第1章(4 / 4)

怎么头头是道,真要与之相处,多半会是,他觉得我们实在碍眼,而我们也半点无法感受到自在,“悦”“乐”云云,实在遥远!

同此,当代的新儒家,恐怕也难以入第。新儒家学者在学院工作,做着“客观”的学术工作,进行抽象的哲学思辨,比如新儒学“大师”牟宗三,其巨著《心体与性体》,数册煌煌,建构了一套严密的道德形上学。往好说,固然是洋洋大观;究实说,诚也是蔚为奇观。说是奇观,是因牟氏此着部繁帙浩,全书以孔子为中心,进行了体系庞大的抽象思辨与分析,但,前孔子、后孔子,通篇说孔子,却与孔子的真实生命全然不相应,这岂不怪哉!

孔子是什等样人?首先,他述而不作,从来他就是无意、也不愿进行结构式论述;且他凡事具体指点,只要说理,必然具象,从来没有抽象思考的;而他又不谈抽象哲学,更不谈形上学。
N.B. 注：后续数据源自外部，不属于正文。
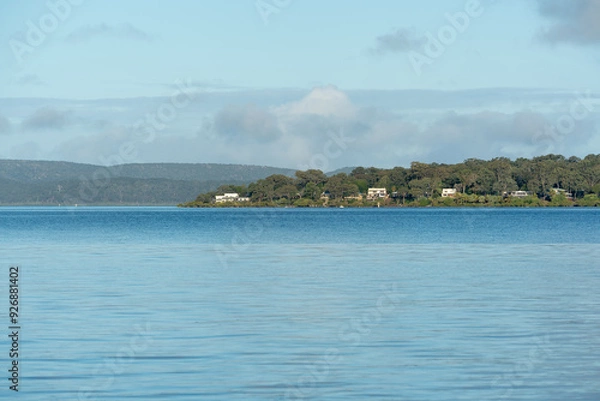 Fototapeta View from Norfolk Beach on Coochiemudlo Island across the water to Macleay Island, with Stradbroke Island in the distance. Queensland, Australia 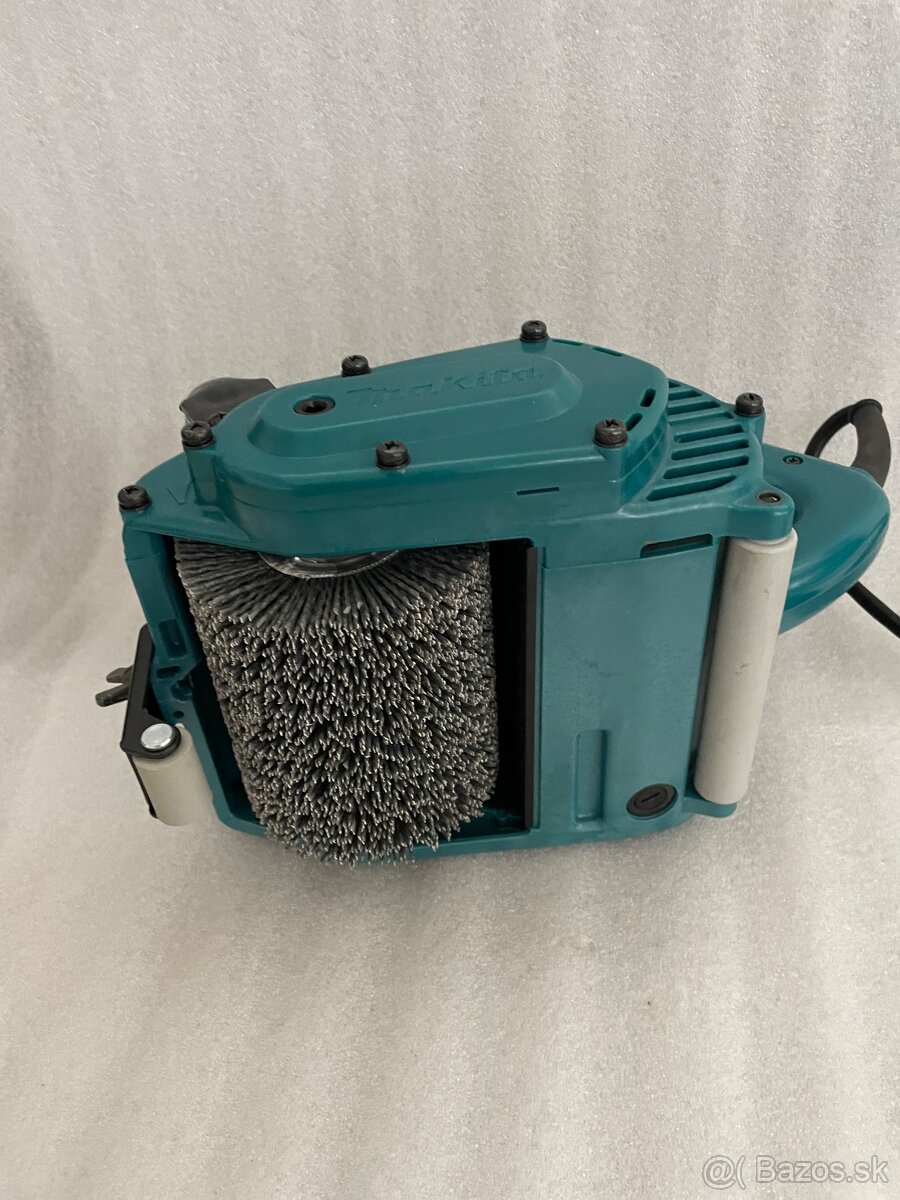 MAKITA 9741 Kefová brúska 860W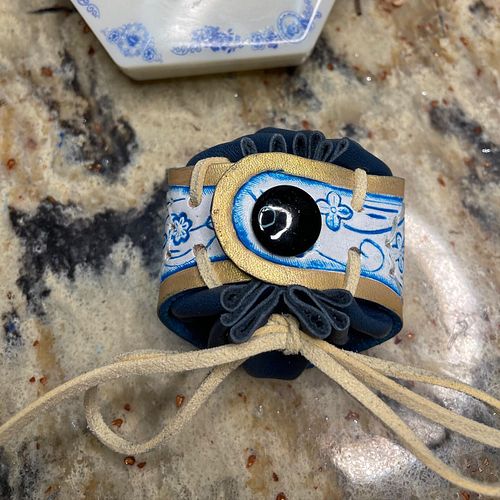 Tried something new and I love how it turned out. Coin purse or dice bag? You pick. #smallbusiness #leather #leathercraft #dn...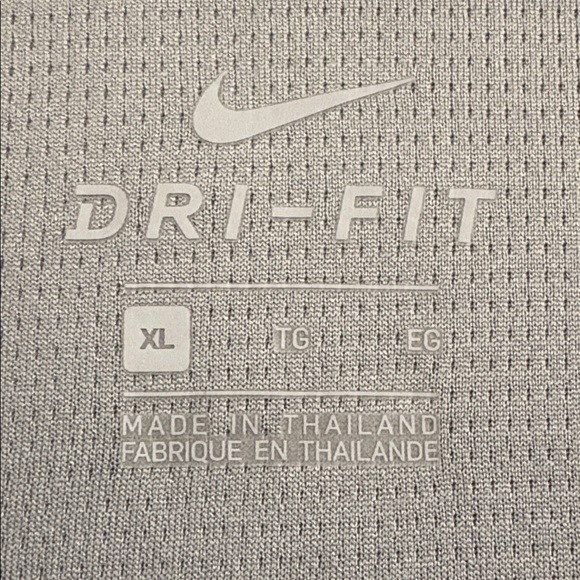 Nike Dri-FIT Gray Performance Top - Picture 3 of 4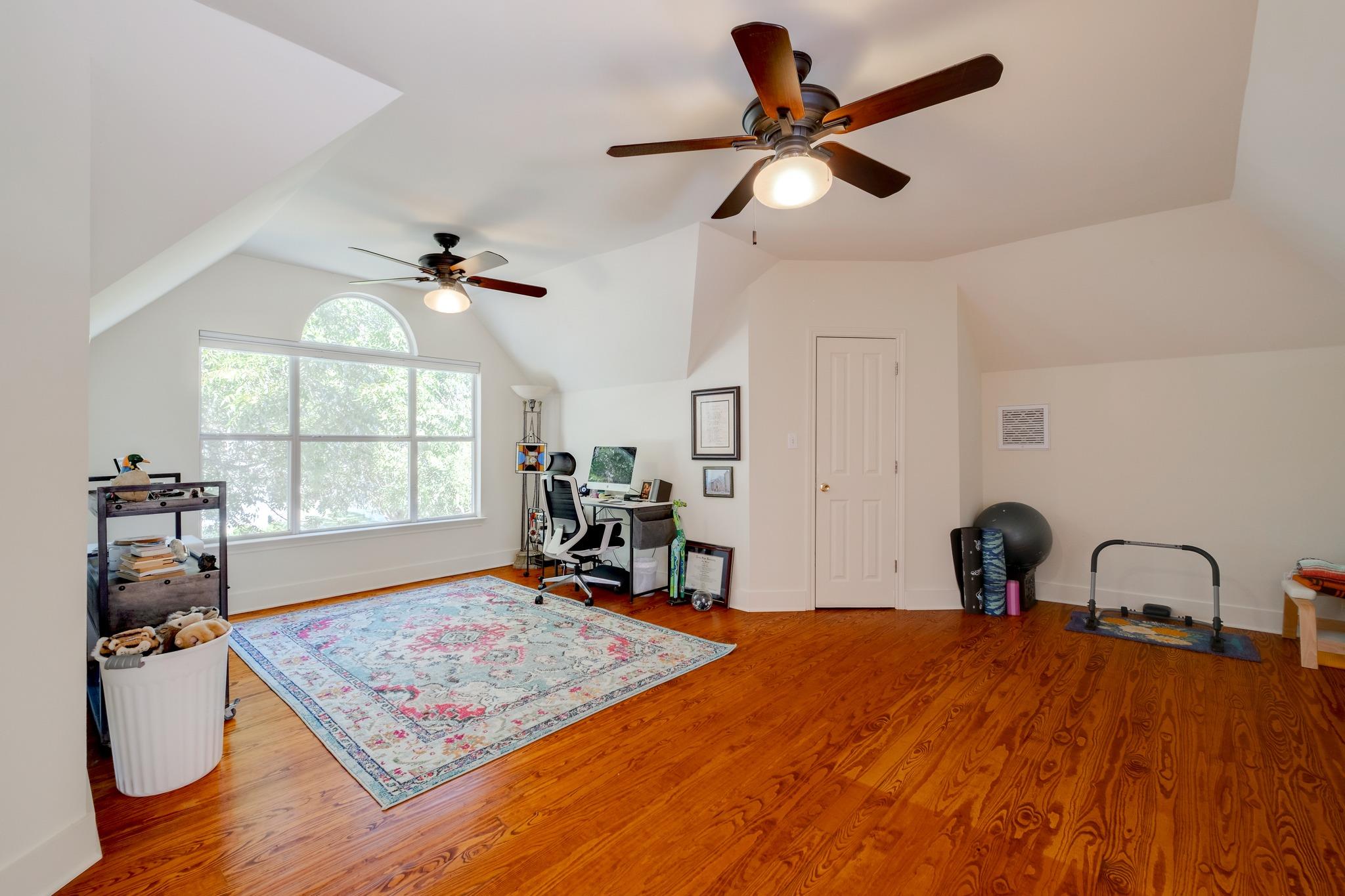 402 Hudgins St Property Photo 22
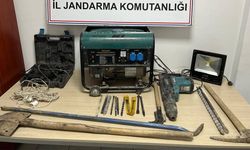 KAÇAK KAZI YAPAN 4 KİŞİ YAKALANDI
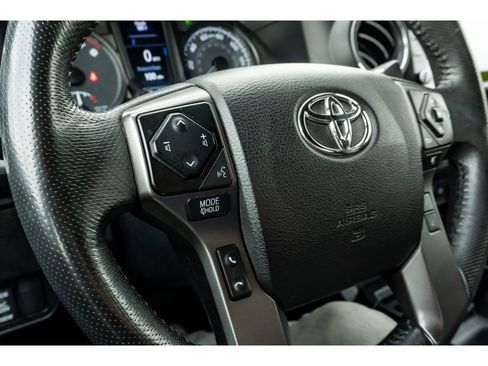 Used 2021 Toyota Tacoma TRD Off-Road image 27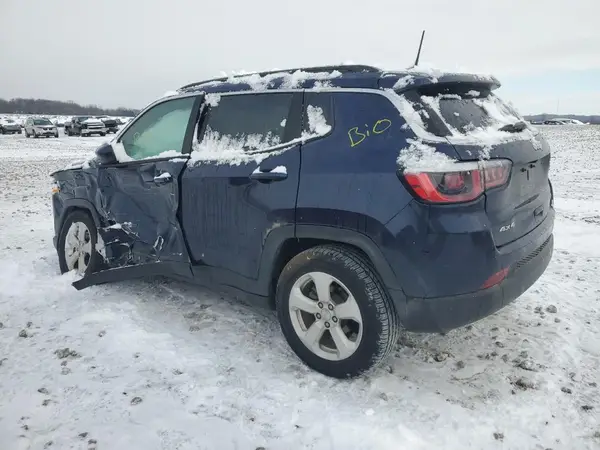 3C4NJDBB6JT485628 2018 JEEP COMPASS - Image 2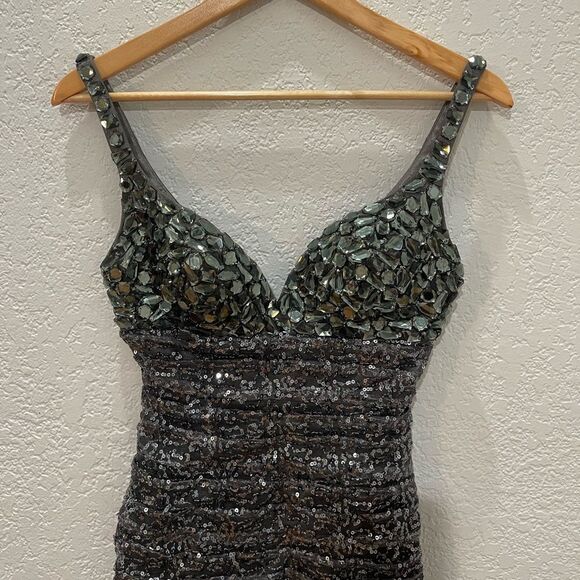 Royal Queen Collection Formal Gray Beaded and Sequin Party Dress Size 4 - Picture 3 of 7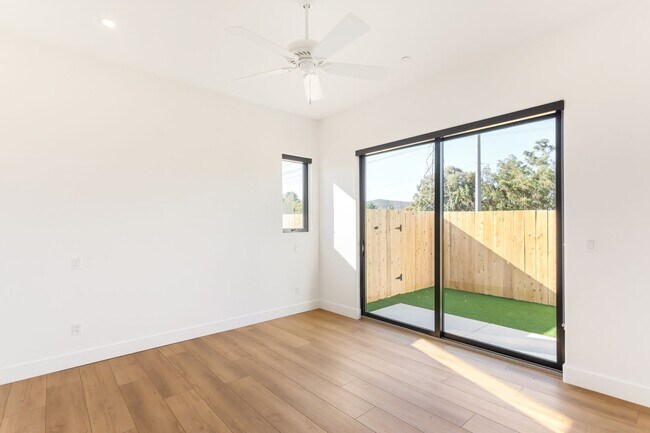 Building Photo - Luxurious Living in Rancho San Diego: Custom Built Home for Rent $5,095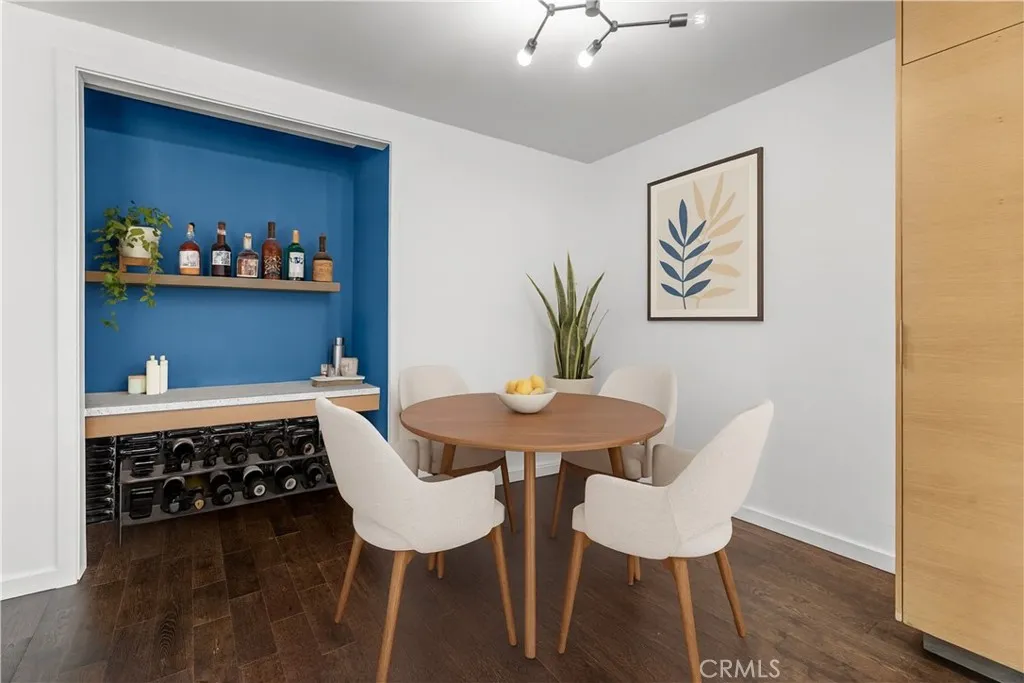 1411 N Hayworth Avenue 15, West Hollywood, California 90046 home-pic-1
其实,哪里又只是孔子,出了学院,中国人从来就不是那样抽象思考的!于是,假如孔子看了牟氏这以他为名的庞大的道德形上学,恐怕只会瞠目结舌,诧异地笑着摇摇头:唉呀!真精采呀!然而,这与我什么干系呢?

新儒家的“学术”,与论语全书第一个“学”字,完完全全,是两码子事。“学术”云云,既是抽象,便与修行无关;若与修行无关,就别谈孔子。于是,新儒家再多的道德哲学,都难逃戏论一场。而既要标榜客观,当然就得脱离情感;既脱离情感,“悦”“乐”又从何而来呢?孔子又岂是如此?他的“学”,必然具象,一定具体,必结合着生命修行;他的“学”,亦主亦客,先感后知,必结合着情意,故多有“悦”“乐”。

很多人作学问,“学”了半天,还是与“悦”“乐”无缘,这其实是他们学问的体质压根就出了问题。你看学院里,多少的忧郁症!今日的学院,除了量产论文,真要作学问,根本就是条死胡同!看看孔子吧!看看他怎么作学问的!有心学问者,这学而篇头一章的开宗明义,都该三复斯言!